Workforce housing leads General Plan update review
Affordable housing dominated the Truckee Town Council’s first review of the housing and land use elements of the General Plan on Tuesday.
Two General Plan affordable housing requirements, inclusionary zoning and jobs/housing linkage, will ensure that each new development includes a percentage of affordable units and also supplies housing for the workers it attracts. While no numbers were decided on at the meeting, 15 percent and 50 percent were mentioned, meaning 15 percent of new homes would be required to be affordable and housing for 50 percent of workers attracted to the new development would be required.
Two other measures that the council supported were land banking for affordable housing and creating a regional affordable housing organization. While the region already has a such an organization in Workforce Housing Association of Truckee Tahoe, WHATT is a nonprofit organization. A more strongly funded, ramped-up housing organization was outlined by the council, and indications at the meeting suggested that WHATT may grow to fill that need.
The council left the fate of the Alder Drive site up in the air, recommending its suitability for affordable housing be explored at a public meeting. That meeting will likely include a site visit, as the planning department noted that information on features of the site have been lacking.

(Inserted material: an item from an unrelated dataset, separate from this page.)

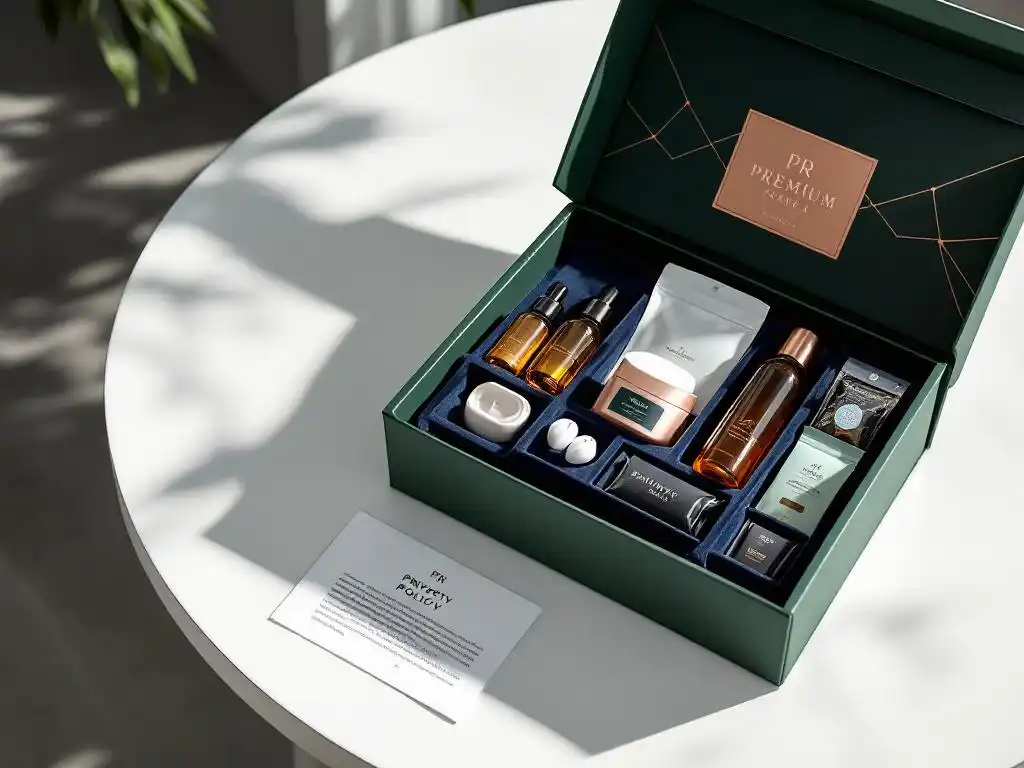 Welche Datenschutzbestimmungen gelten für PR Box Empfängerlisten?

The Alder Drive recommendation came after strong urging from WHATT to jump-start the solution to the affordable housing problem by zoning the parcel high-density residential.

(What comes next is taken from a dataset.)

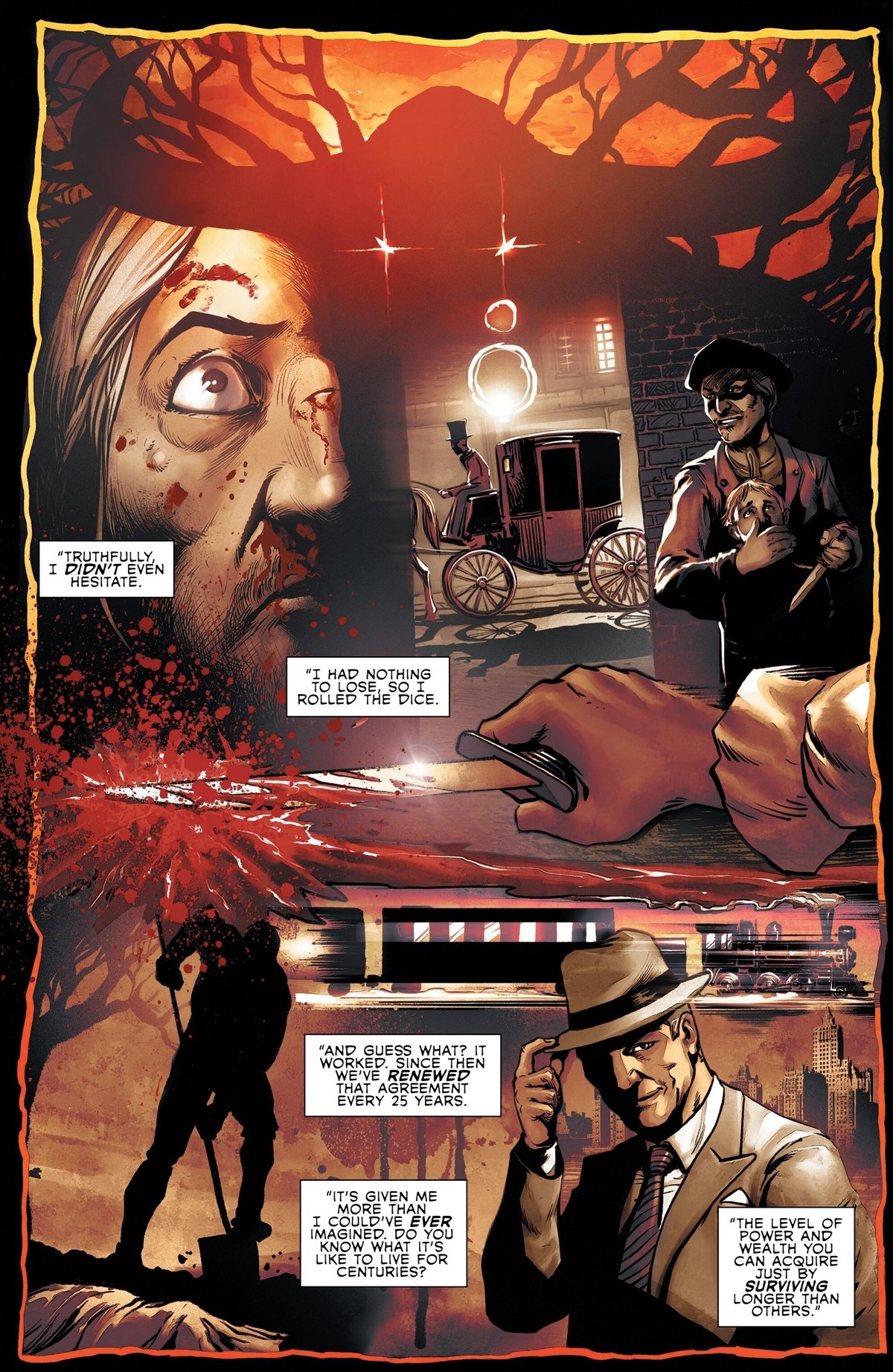 Read King Spawn 2021 EN Manga Online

“We think that this is an ideal site to start the [land banking],” said WHATT president Breeze Cross. “To assume that just zoning the land will solve the problem is not appropriate.”
The emphasis on the Alder Drive site is indicative of WHATT’s broader message that governmental agencies must take a more active role in attacking the affordable housing problem. Setting aside land specifically for affordable housing (land banking) is one of the active approaches that WHATT supports.
Maximum development numbers for individual sites such as the Ponderosa Golf Course, Planned Community 1 were also discussed for traffic study purposes. The council set the Ponderosa Golf Course maximum development number at 150 units, with Planned Community 1, south of Interstate 80 bordering Donner Memorial State Park land, at a maximum 300 units.
The council emphasized that these numbers were only the ceiling for development and did not represent a projection of what should actually be built on the land.
The vision statement for the updated General Plan was revised, and the council decided to add language that said the town would balance community needs with the individual rights of citizens.
Circulation and community character are the next parts of the General Plan to be discussed. The meeting dates have yet to be determined.